Data extracts:
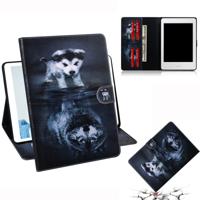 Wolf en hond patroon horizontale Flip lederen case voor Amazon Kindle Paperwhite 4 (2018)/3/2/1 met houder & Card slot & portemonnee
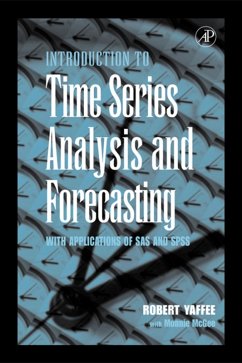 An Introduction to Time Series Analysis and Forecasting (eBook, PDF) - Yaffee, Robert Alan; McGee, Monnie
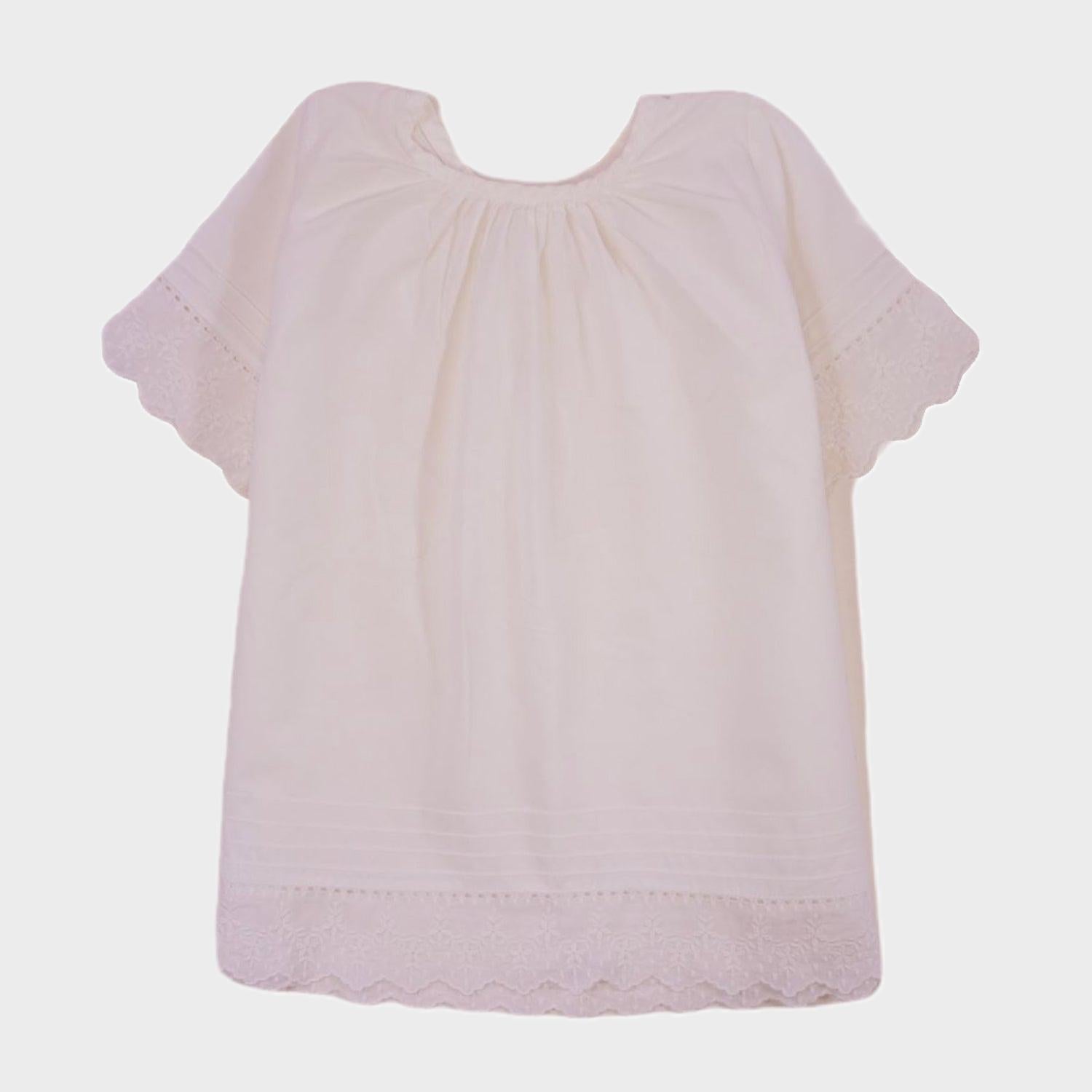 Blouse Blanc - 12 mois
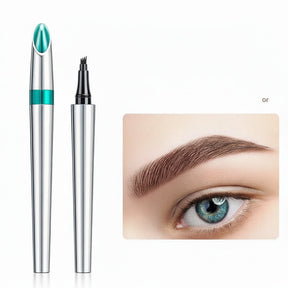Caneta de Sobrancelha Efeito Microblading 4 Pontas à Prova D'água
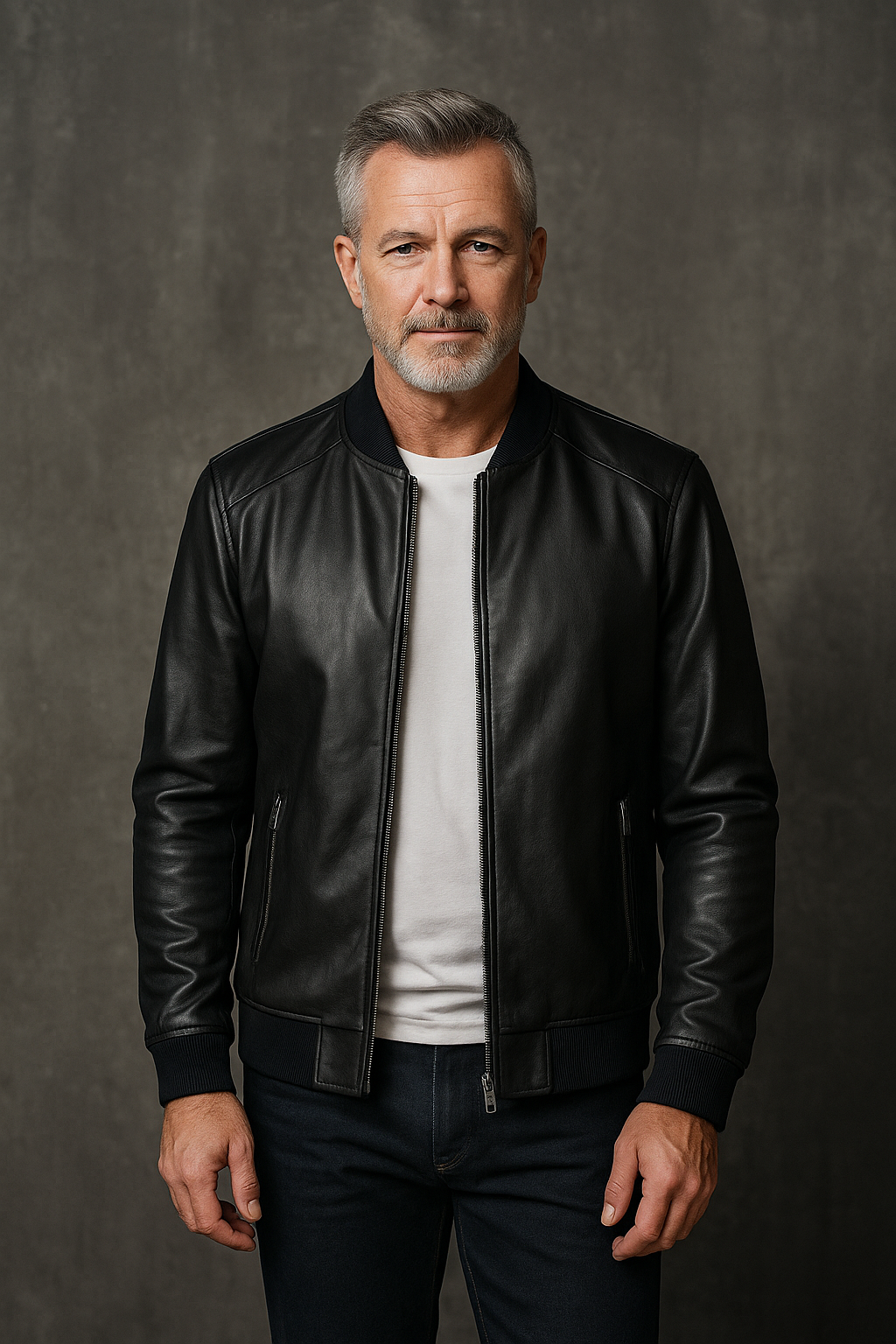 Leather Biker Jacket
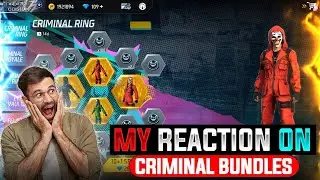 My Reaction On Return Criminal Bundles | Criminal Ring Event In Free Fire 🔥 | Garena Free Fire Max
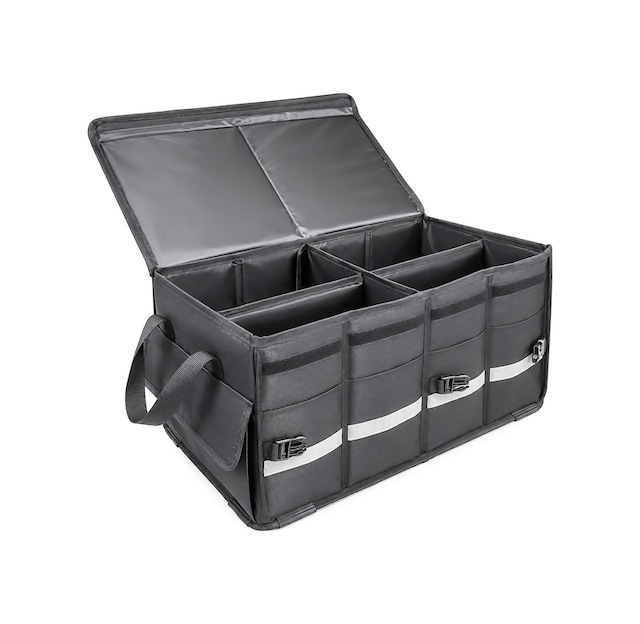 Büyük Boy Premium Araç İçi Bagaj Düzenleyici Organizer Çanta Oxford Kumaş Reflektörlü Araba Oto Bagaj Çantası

---

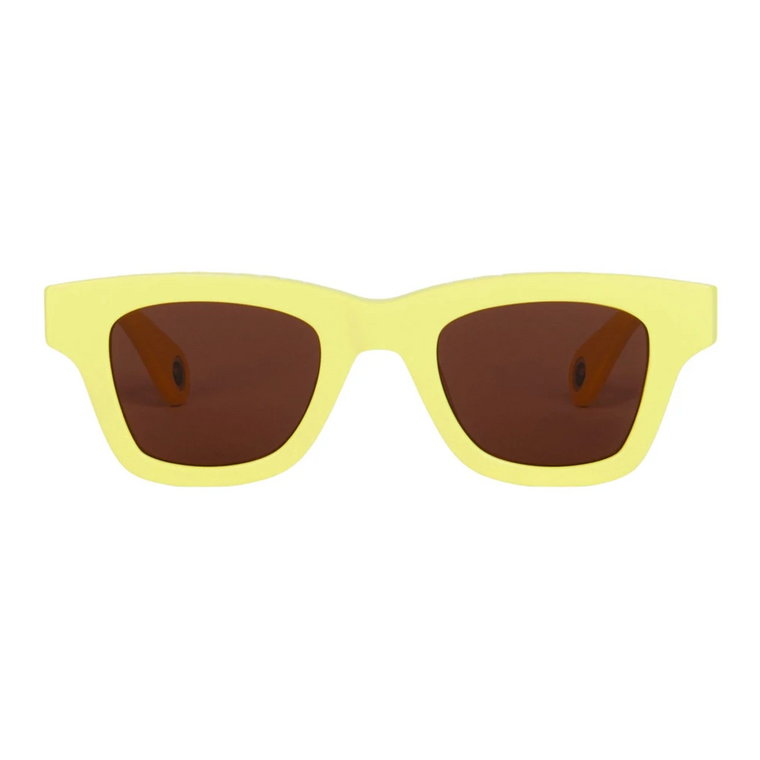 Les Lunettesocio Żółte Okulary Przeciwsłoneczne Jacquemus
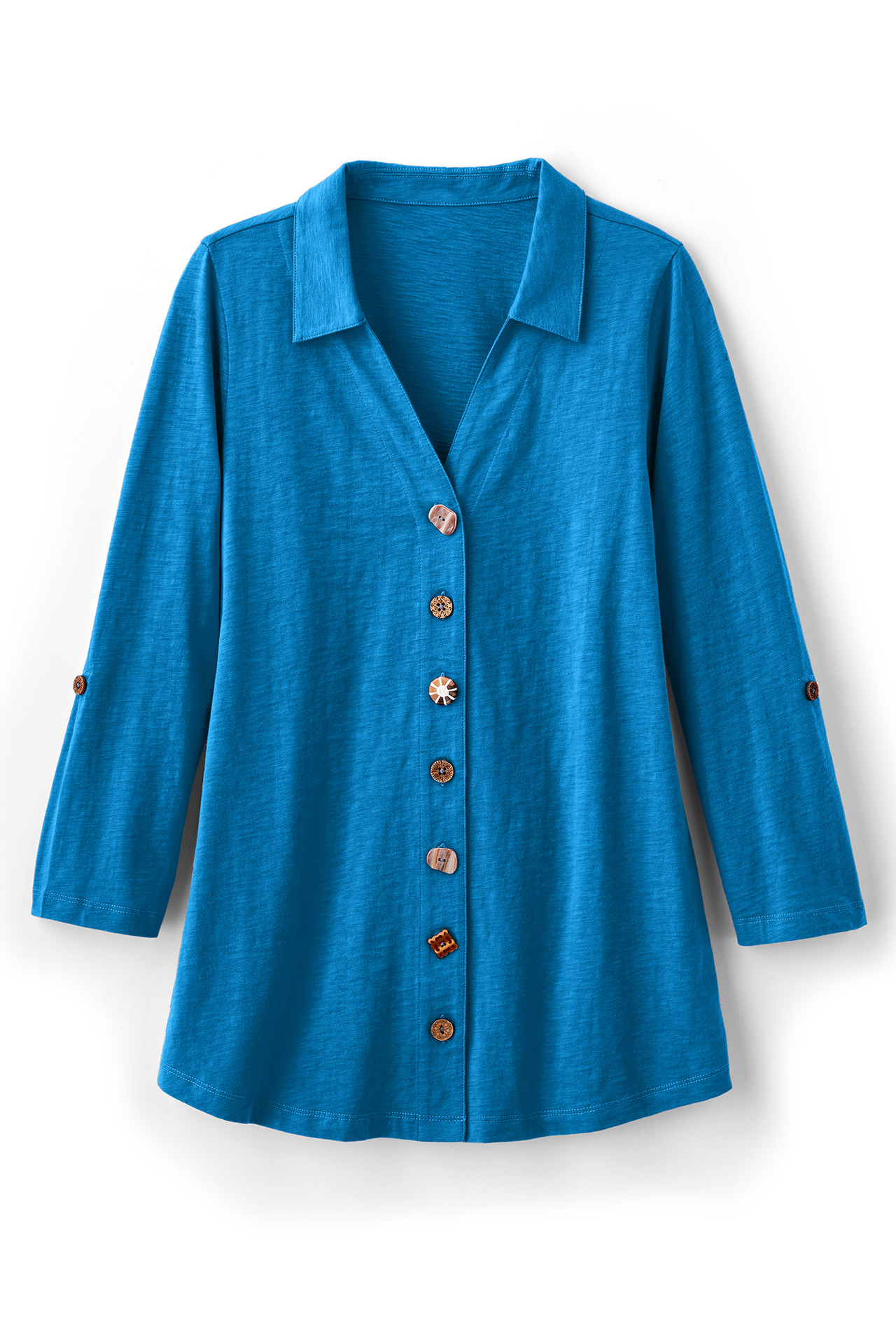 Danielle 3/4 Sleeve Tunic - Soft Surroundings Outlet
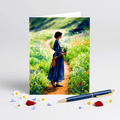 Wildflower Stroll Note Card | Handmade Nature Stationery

--

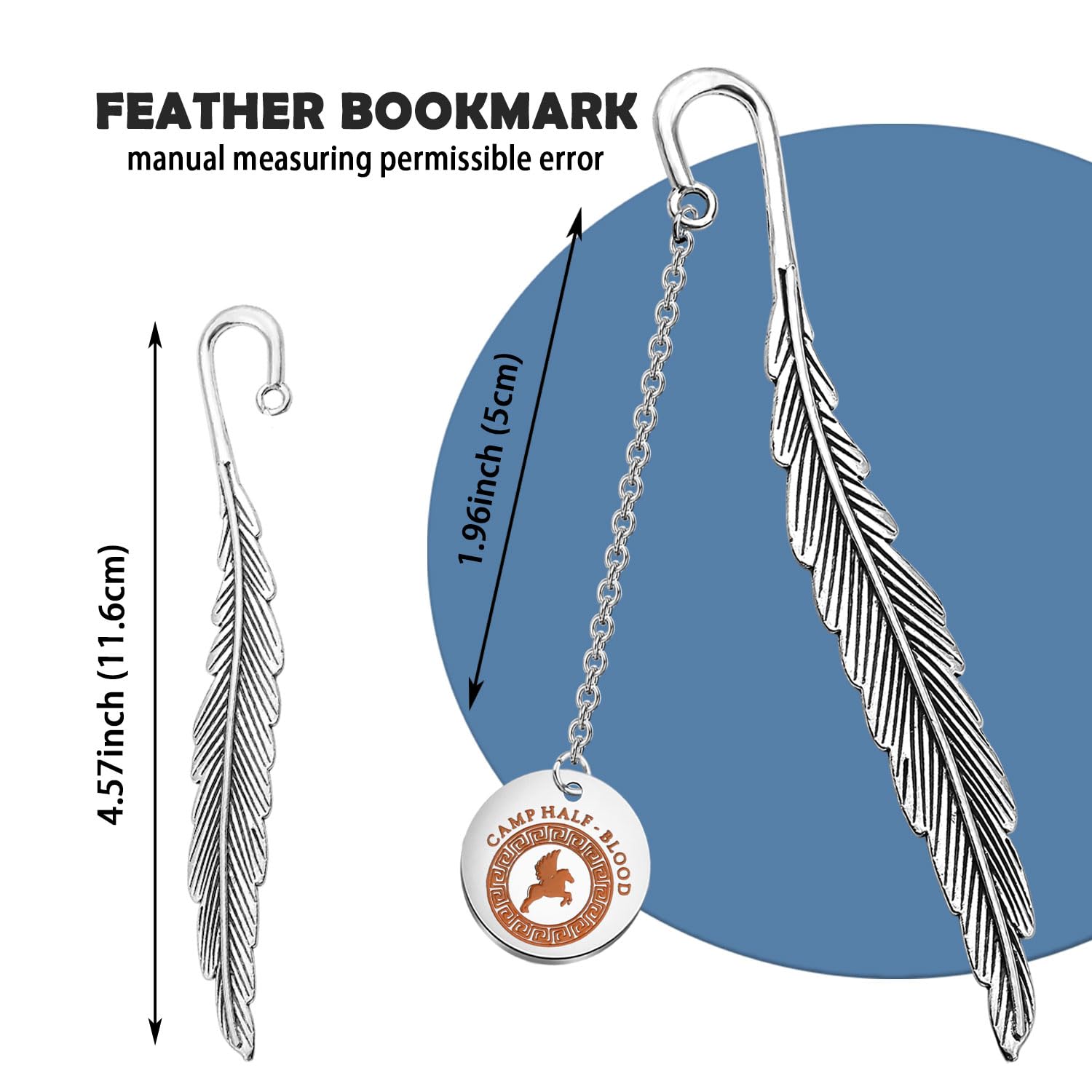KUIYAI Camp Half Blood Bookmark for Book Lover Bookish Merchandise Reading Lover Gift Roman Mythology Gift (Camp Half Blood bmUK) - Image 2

Task brief:
Range to copy from the records above: the line containing "Caneta de Sobrancelha" to the line containing "My Reaction On", both included. Output those lines exactly and only those, skipping pictures.

Response to this exercise:
Caneta de Sobrancelha Efeito Microblading 4 Pontas à Prova D'água
 Leather Biker Jacket
 My Reaction On Return Criminal Bundles | Criminal Ring Event In Free Fire 🔥 | Garena Free Fire Max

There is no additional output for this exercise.